If others were aware of who we really are. If they would accept us unconditionally and allow us to be as we are, to give us full attention and faithfully reflect, without judgment, what is in us (including our true nature), then we would not have a problem. Everything would go smoothly, in full fulfillment of the purpose for which we are here. Since we are far from the desirable, we are dealing with problems, obstacles, resistance, dangers, pain, and suffering. It seems to be the only way we can learn and grow.

Further Reading: 10 Ways To Find Love And Be Loved As You Want

 

 

Traps of romance

What Does Love Feel Like

Falling in love is like falling off a cliff into a bottomless abyss. And in that fall so much happens, so you even forget what your name is. If we ever feel like we don’t have to do anything to have what we want. If we ever believe it’s all wonderful and great, then it’s time to fall in love. Or if there is a lottery in which we blindly risk everything we have, then it is a romance – that is, blind love. Regardless of everything, only the experience is, truly, better than the best. But the breakup of sleep and awakening in real life is not expected of any of us.

As Narcissus was in love with the reflection of his face, or in himself, so we fall in love with the ideal image that we embody on the face of the beloved. Therefore, apart from not being able to see concrete, real-life side of “the other,” we cannot build relationships with real grounds. All we can is projection and fantasy about the other and the relationship. At the same time, we share this with the huge amount of sexual energy, enthusiasm, freshness and sweet emotions. That’s what belongs to us, and that’s real. But the relationship is illusory because it is based on an idea or a picture of a “perfect lover” through which we experience the ordinary one. And it belongs to the mind or virtual reality.

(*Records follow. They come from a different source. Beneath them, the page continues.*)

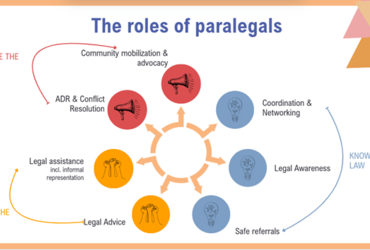 Community Paralegal Toolkit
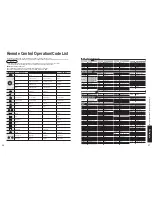 Preview for 19 page of Panasonic TC-26LX600 - 26" LCD TV Operating Instructions Manual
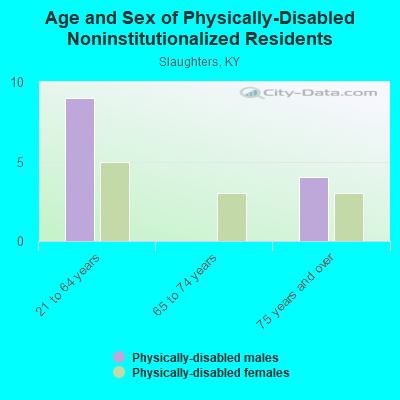 Age and Sex of Physically-Disabled Noninstitutionalized Residents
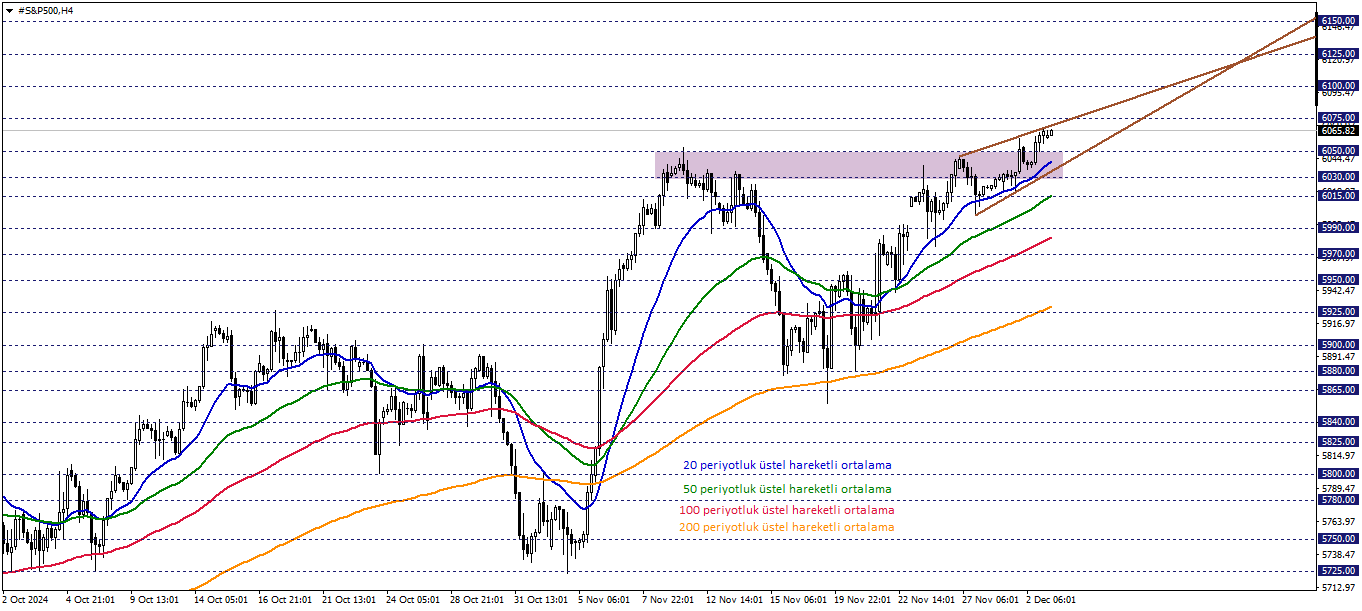S&P500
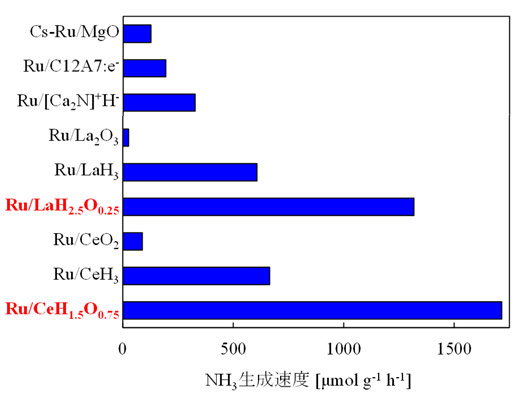 図3. 各種触媒によるアンモニア合成活性の比較（反応温度：260℃、圧力：1気圧）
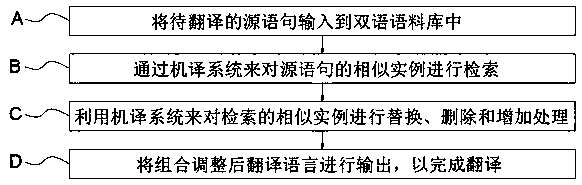 Mobile equipment machine translation system based on hybrid strategy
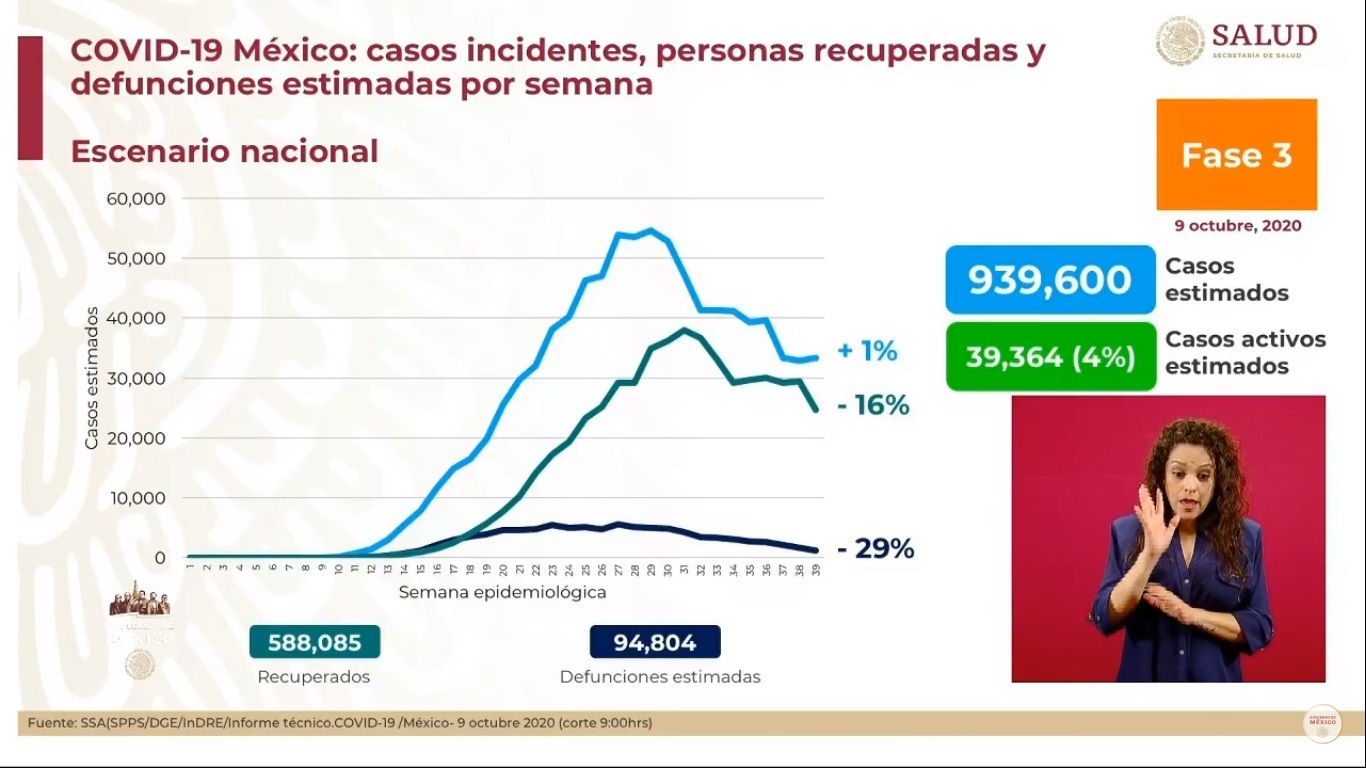 En las últimas 24 horas, México registra 5 mil 263 nuevos casos de COVID-19 y 411 muertes - casos-estimados-de-covid-19-en-mexico-al-9-de-octubre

Further Reading: Love vs. Infatuation: 21 Tell-Tale Signs

 

 

But what does love look like with someone you love?

What Does Love Feel Like

You have many types of people. And the most numerous are those who are still with whom they love because they love themselves in love. To be pampered looked after to them and therefore they don’t matter whether you see while you love. Mostly, the most affected have the most attention to life. Because they are always looking for and giving nothing and no matter how much to give them – it’s a bit.

Unconsciously, sometimes eyes say more than what we wanted because the eyes don’t lie. If someone truly loves you, you can see by the way in which he/she is looking at you. Kiss and touch come later. To feel someone first, it must warm you the sun out of those eyes you see. So someone’s eyes up, somebody likes it, and somebody’s grief is simply provided.

But let’s go back to physical love. If it is pure sex, after that, you feel only the relaxation like after a massage. But, if it is love, you feel something deeper and different. You need to pay attention, because, love is not that easy. It just sneaks and fell asleep next to you. And you have no idea how it happened to you.